British officials say that Google will be audited and must promise not to violate the law again, but will not be fined. The move comes as Canada, Spain and, most recently, Italy are scrutinizing the California company.
Google first announced the collection of data in May
In an announcement Wednesday, British data protection authorities said there was a "significant breach of the Data Protection Act" and that Google UK would be subject to an audit. Further, it added, the company must promise that similar data breaches do not occur again.
The UK authorities had once again taken up the privacy case against Google late last month after Google had revealed further details that it had obtained "WiFi data." That data included passwords and e-mails while Google was sending cars along British streets and in other countries for its Street View service.
Earlier this year, the Information Commissioner's Office (ICO) had said that it had found "no wrongdoing" on Google's part, but re-opened an investigation last week.

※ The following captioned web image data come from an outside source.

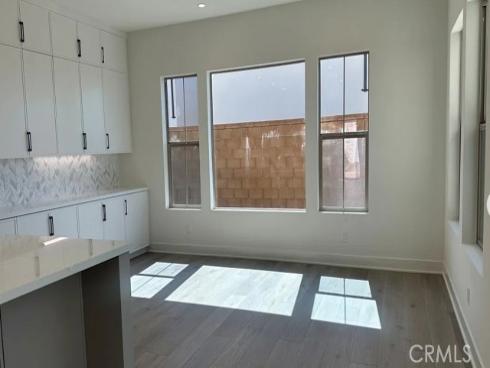 127 Campion , Irvine, CA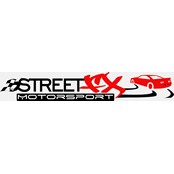 Street FX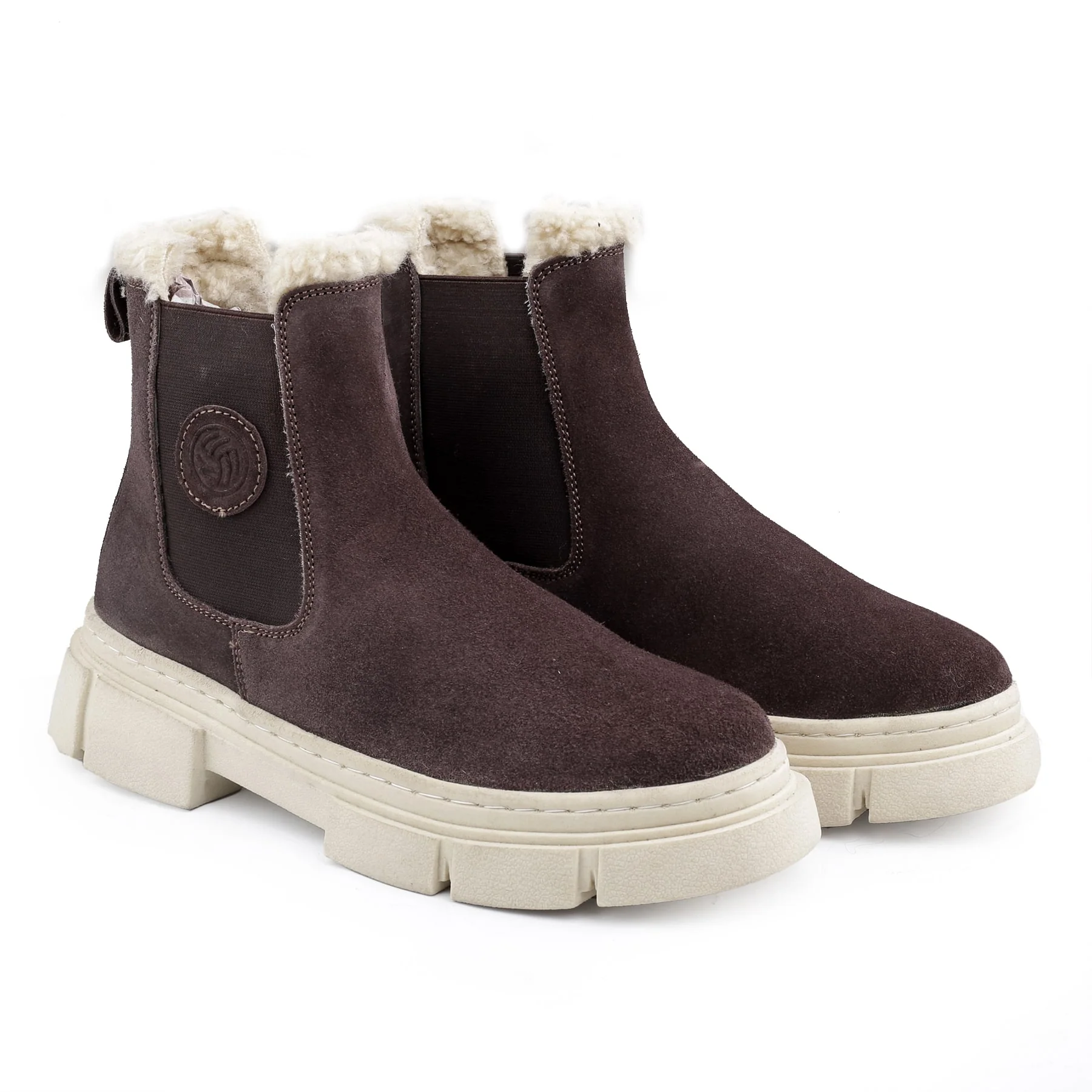Bacca Bucci Alpine Armor - Image 10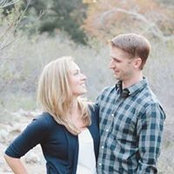 Sara Mallon's photo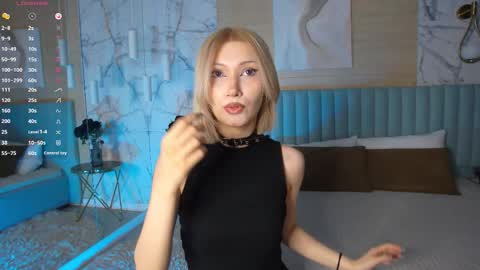 Carol online show from 1, 2, 2026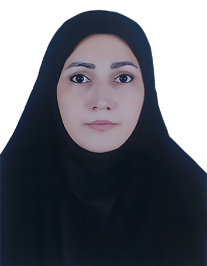 عفت حاتمی آجقان
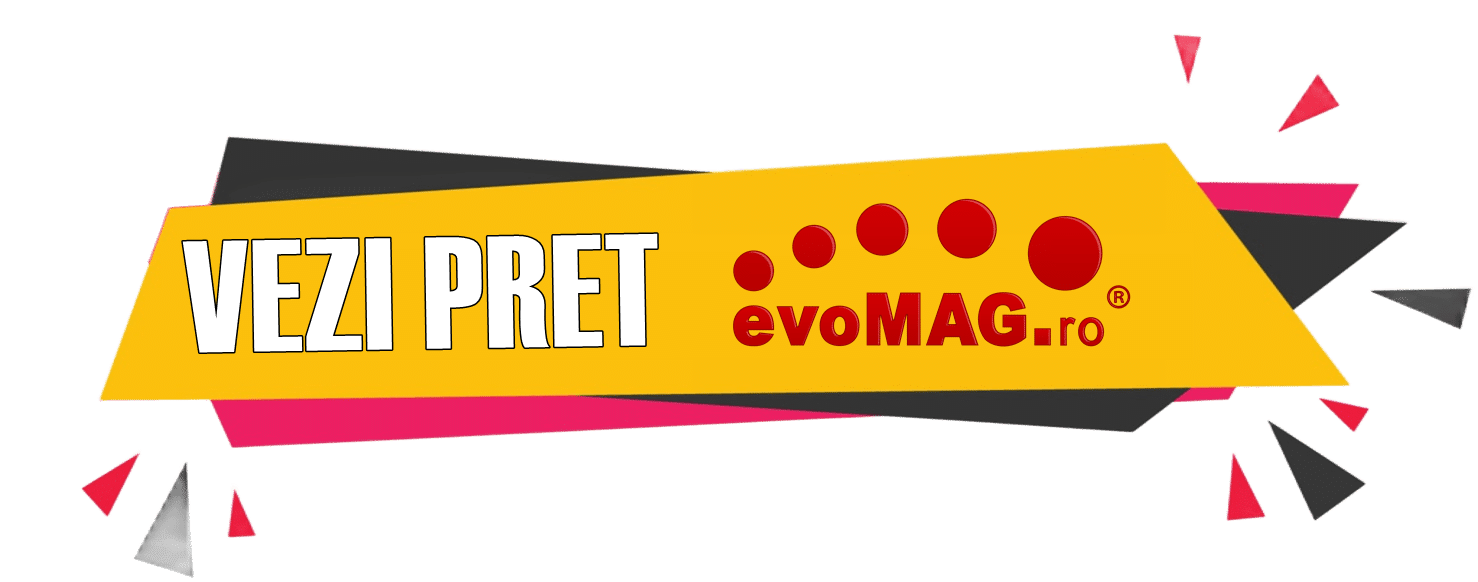 EvoMAG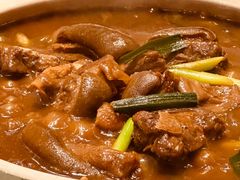 -西湖春天•老字号杭州菜(百汇店)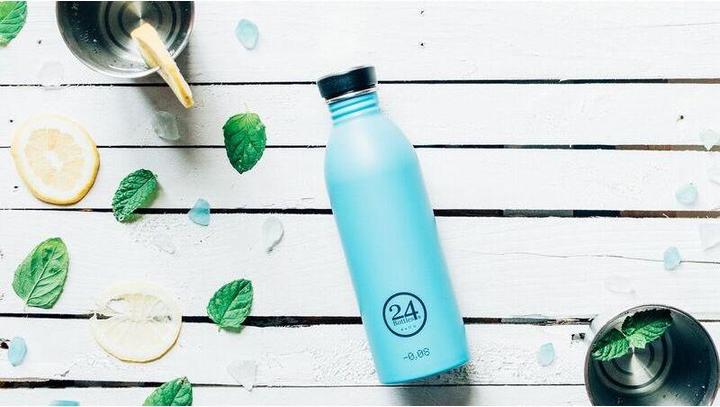 Produktbild 24 Bottles Urban (0.50 l)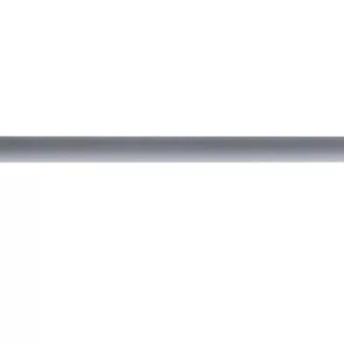 Horeca Parts - Grzałka kwarcowa 295W 115V, dł. 340mm, ø 11mm, przyłącze męskie Faston 6.3mm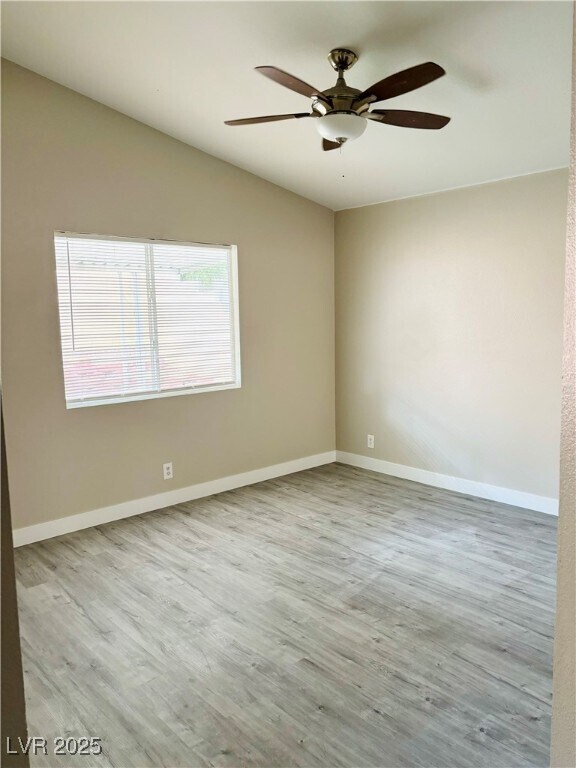 Building Photo - 3713 Cactus Wheel Ct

"It is my view that the collection of this information was not fair or lawful and constitutes a significant breach of the first principle of the Data Protection Act," said Christopher Graham, the UK information commissioner, in a statement published Wednesday on the ICO's website.
"The most appropriate and proportionate regulatory action in these circumstances is to get written legal assurance from Google that this will not happen again – and to follow this up with an ICO audit."

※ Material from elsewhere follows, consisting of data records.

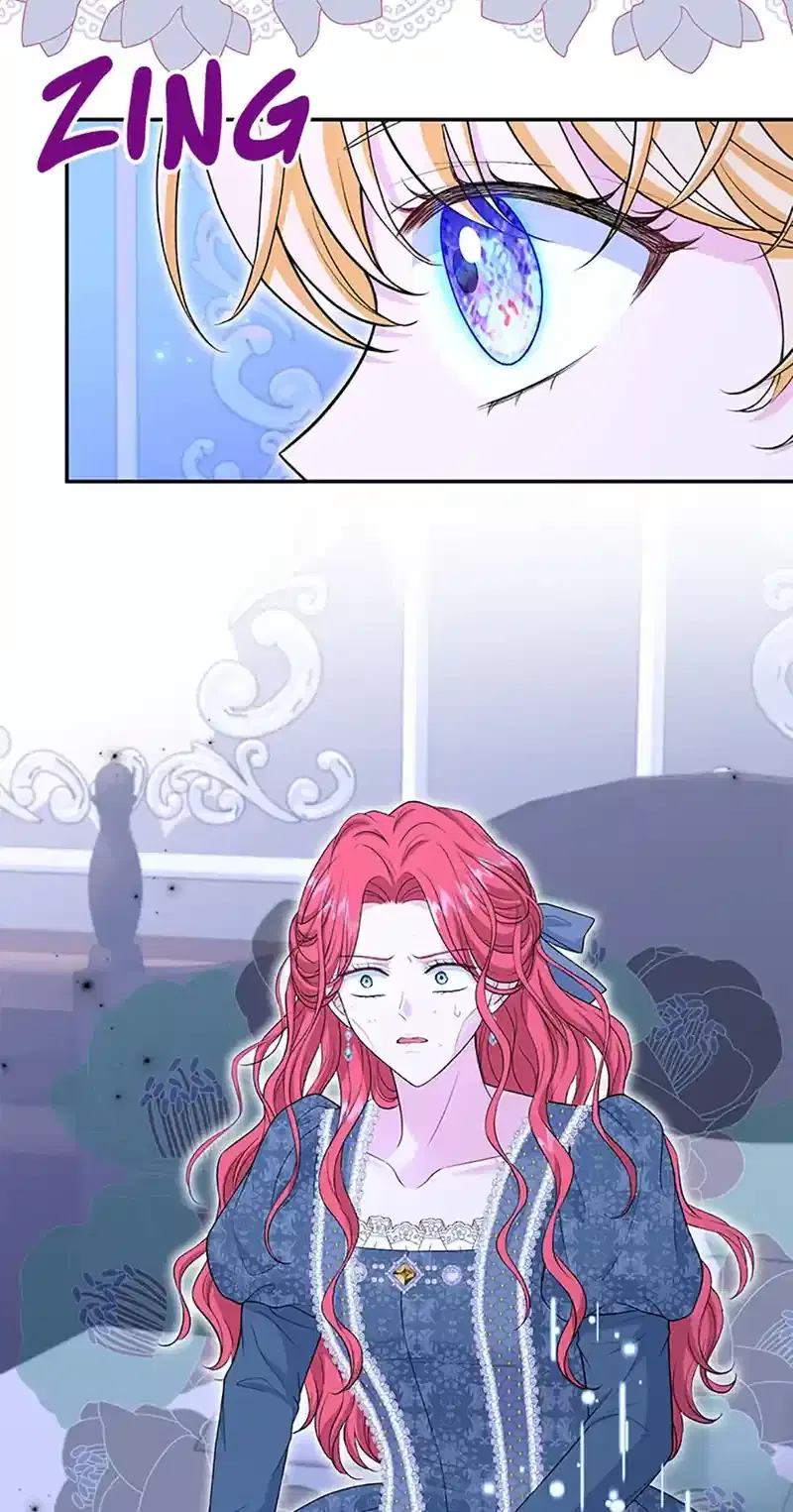 The S-Class Little Princess Is Too Strong Chapter 45 – Page 17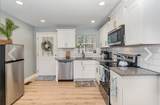 1053 Antioch Pike - Photo 9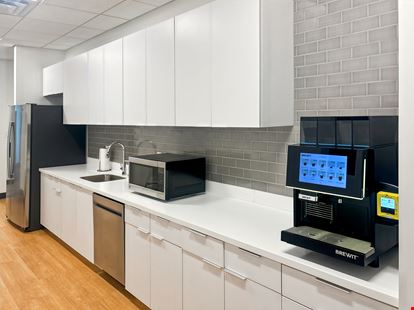 GA, Athens - Daniells Bridge Rd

The ICO elaborated that it had declined to seek monetary damages against the Silicon Valley company as it would have been too legally difficult to prove.
"Monetary penalties can only be served when a strict set of criteria is satisfied, including that the breach was likely to cause substantial harm or substantial distress – this alone would be very hard to prove in this case," wrote Kirsty McCaskill, an ICO spokesperson, in a statement provided to Deutsche Welle. "The vast majority of the pay-load data was also collected prior to 6 April 2010, before our new powers came into force.”
The vehicles used to create Street View inadvertantly collected the data Google says
Google has admitted guilt
In a written statement also provided to Deutsche Welle, Peter Fleischer, Google's global privacy counsel said that the company had made a mistake.
"We are profoundly sorry for mistakenly collecting payload data in the UK from unencrypted wireless networks," he wrote. "Since we announced our mistake in May we have cooperated closely with the ICO and worked to improve our internal controls. As we have said before, we did not want this data, have never used any of it in our products or services, and have sought to delete it as quickly as possible. We are in the process of confirming that there are no outstanding legal obligations upon us to retain the data, and will then ensure that it is quickly and safely deleted."
Previously, as recently as October 22, Google officials have apologized for the mistake and said that it would be changing its policies.
"We are mortified by what happened, but confident that these changes to our processes and structure will significantly improve our internal privacy and security practices for the benefit of all our users," wrote Alan Eustace, Google's senior vice president of engineering and research, in a post published on October 22 on Google's public policy blog.
The American Federal Trade Commission decided last week to drop its investigation against Google, while in recent weeks, similar government agencies in Italy, Canada and Spain have all pursued action against the company. The investigations worldwide began earlier this year after German authorities in Hamburg discovered the payload data in one of Google's vehicles, and they are continuing to investigate as well.